Brief: Below are records; reproduce exactly the lines from the one that has "Box Fantástica" through the one that has "Raquette de Pickleball", ends included, and nothing more.

Records:
____________________
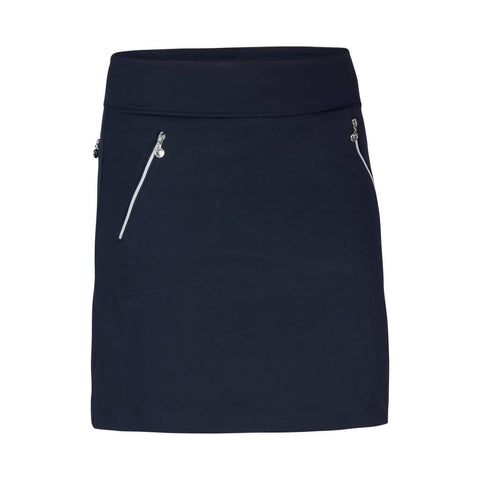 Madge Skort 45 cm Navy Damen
____________________
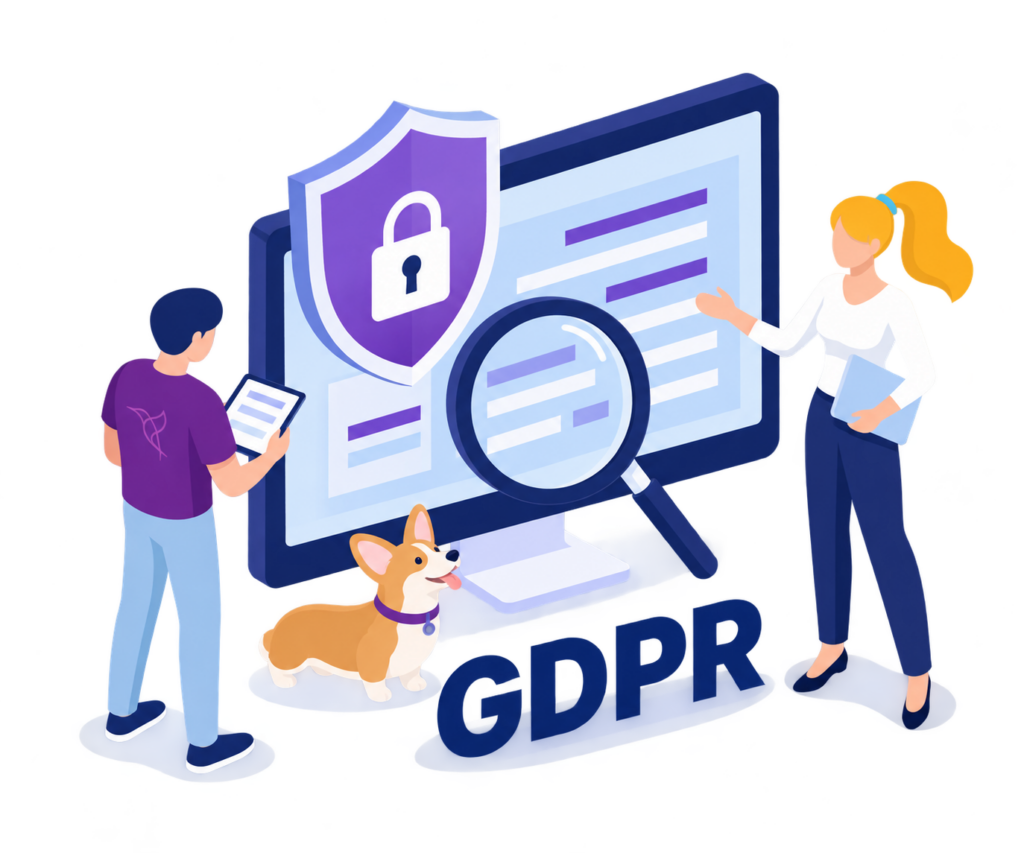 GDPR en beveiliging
____________________
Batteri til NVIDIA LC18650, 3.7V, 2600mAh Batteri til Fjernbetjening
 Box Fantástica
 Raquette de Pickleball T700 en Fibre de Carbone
____________________
Written solution:
 Box Fantástica
 Raquette de Pickleball T700 en Fibre de Carbone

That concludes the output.